▸ PROBLEM REQUIREMENTS: Your copy of the entries must be exact, and it must not include the pictures.
:: GIVEN DATA
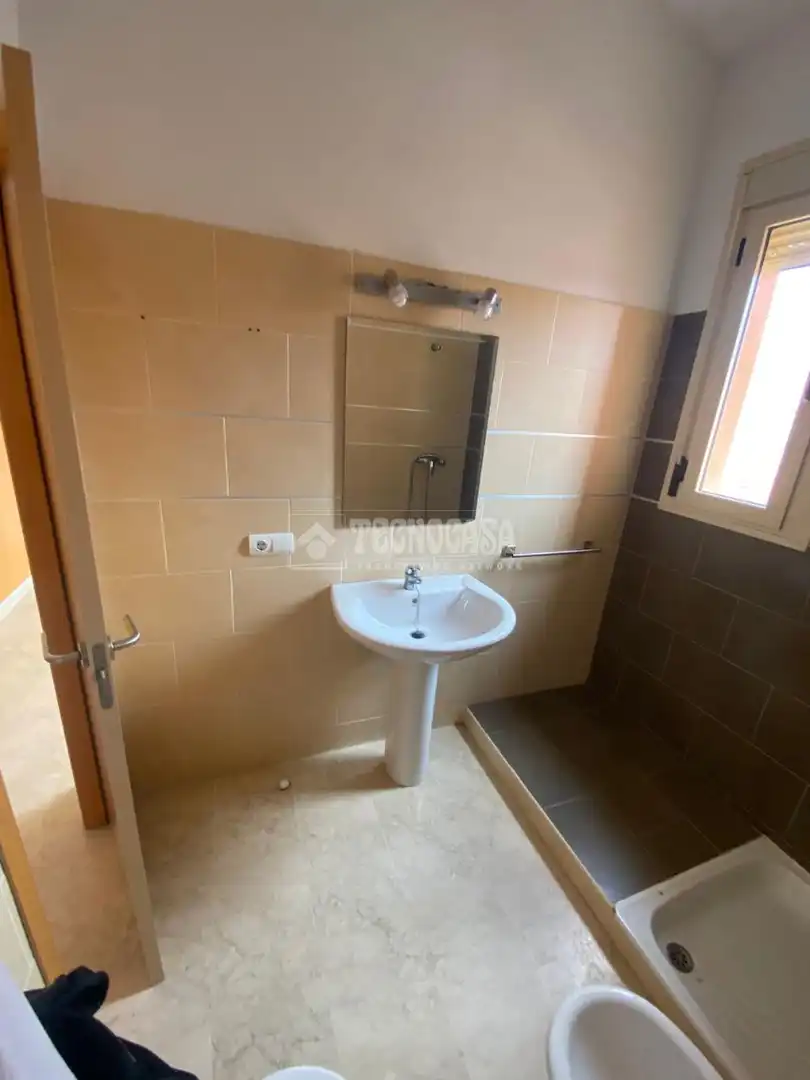 Baño de Piso en venta en Sanlúcar la Mayor con Aire acondicionado y Amueblado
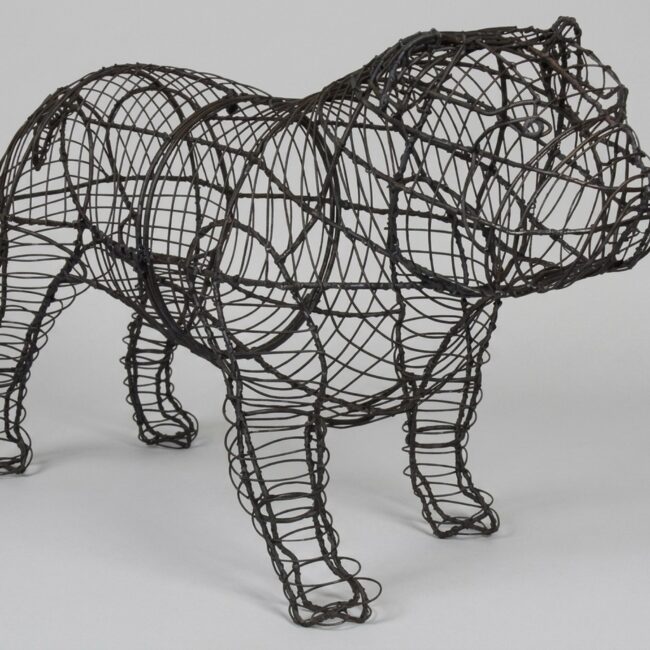 Bulldog Topiary Frame, 16 in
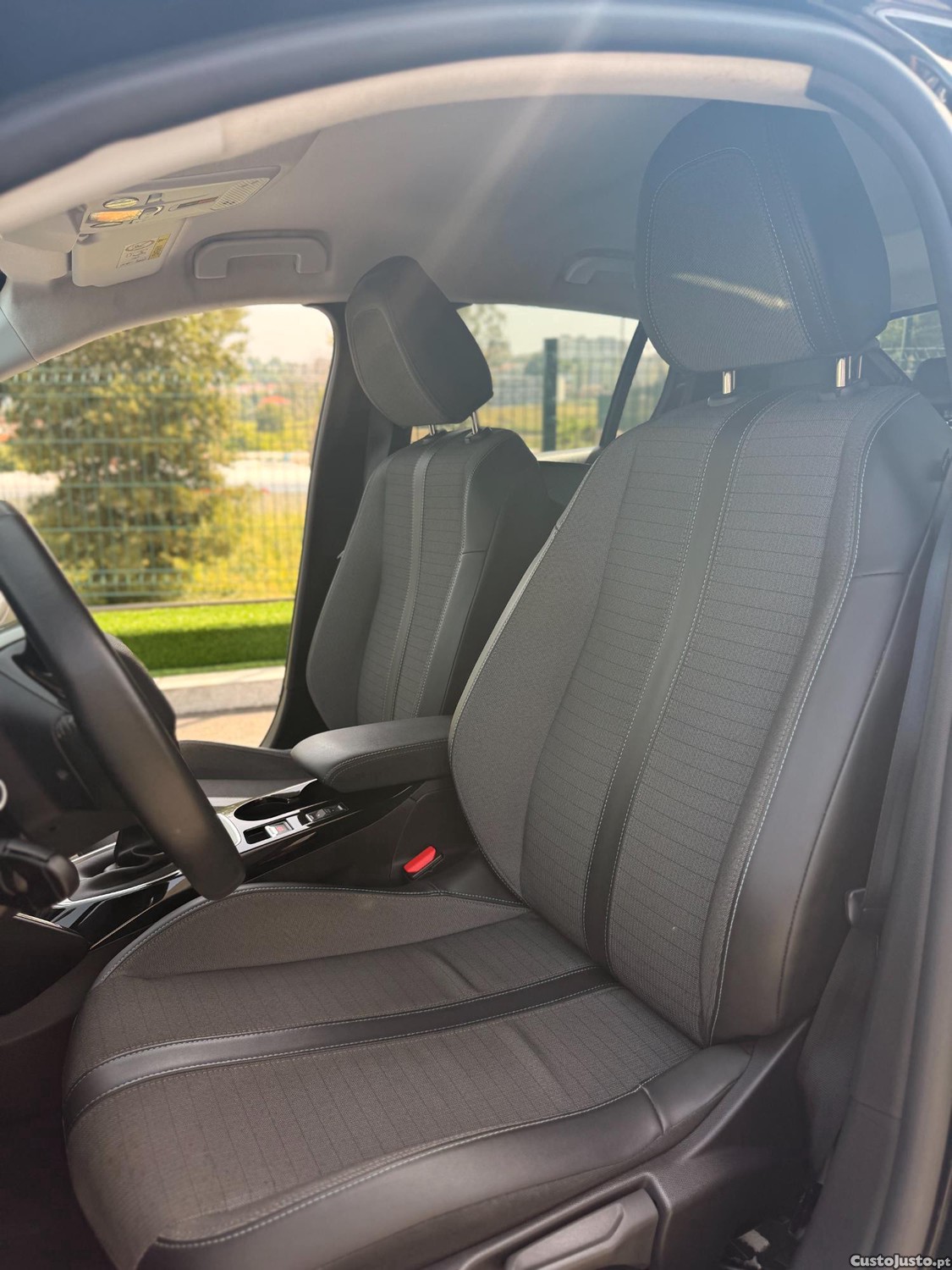 Peugeot 208 1.5 Blue HDI — fotografia 5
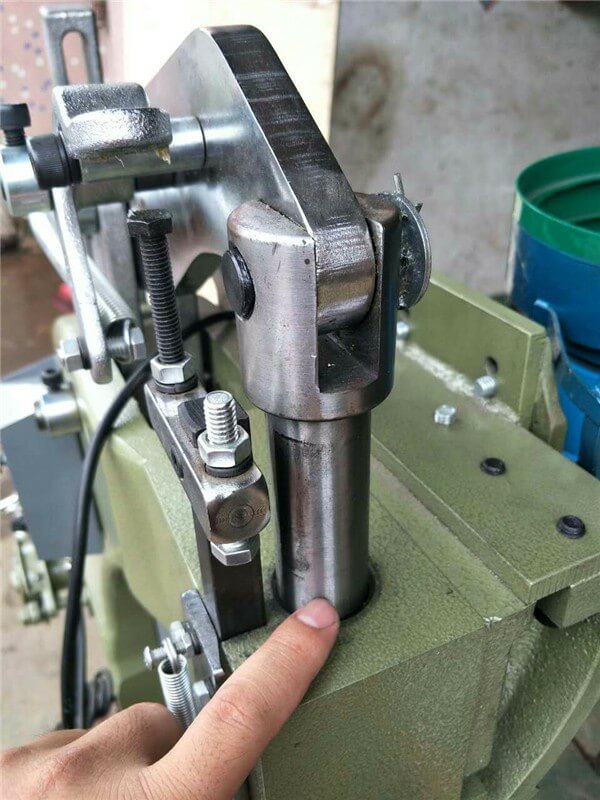 ਰਿਵੇਟਿੰਗ ਮਸ਼ੀਨ ਆਈਲੈਟਿੰਗ ਮਸ਼ੀਨ ਨੂੰ ਕਿਵੇਂ ਚਲਾਉਣਾ ਹੈ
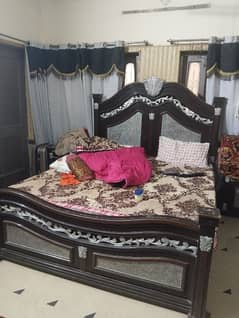 king size bed for sale 9/10 condition without matres 0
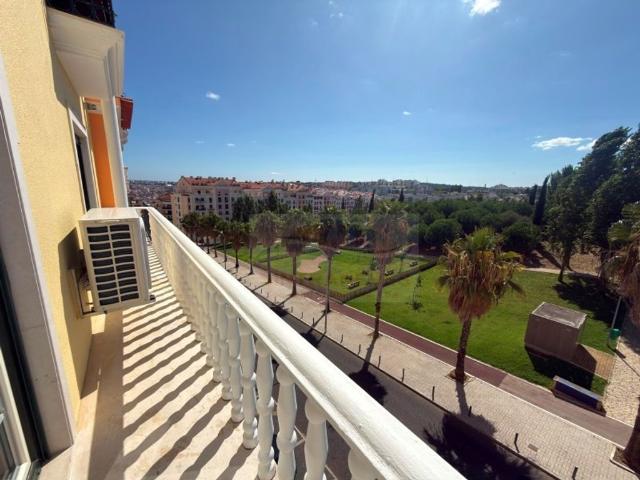 à venda Apartamento de alto padrão de 114 m2, Urbanizacao Neudel, Amadora, Lisboa
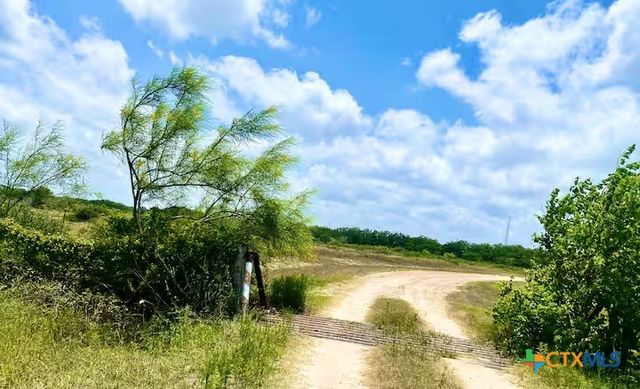607 Tap Road, Port Lavaca, TX 77979
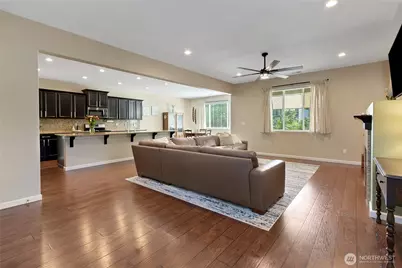 8905 Corona Street NE, Lacey, WA 98516 - Photo 4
::::
▸ OUTPUT OF THE TASK:
 Baño de Piso en venta en Sanlúcar la Mayor con Aire acondicionado y Amueblado
 Bulldog Topiary Frame, 16 in
 Peugeot 208 1.5 Blue HDI — fotografia 5
 ਰਿਵੇਟਿੰਗ ਮਸ਼ੀਨ ਆਈਲੈਟਿੰਗ ਮਸ਼ੀਨ ਨੂੰ ਕਿਵੇਂ ਚਲਾਉਣਾ ਹੈ
 king size bed for sale 9/10 condition without matres 0
 à venda Apartamento de alto padrão de 114 m2, Urbanizacao Neudel, Amadora, Lisboa
607 Tap Road, Port Lavaca, TX 77979
 8905 Corona Street NE, Lacey, WA 98516 - Photo 4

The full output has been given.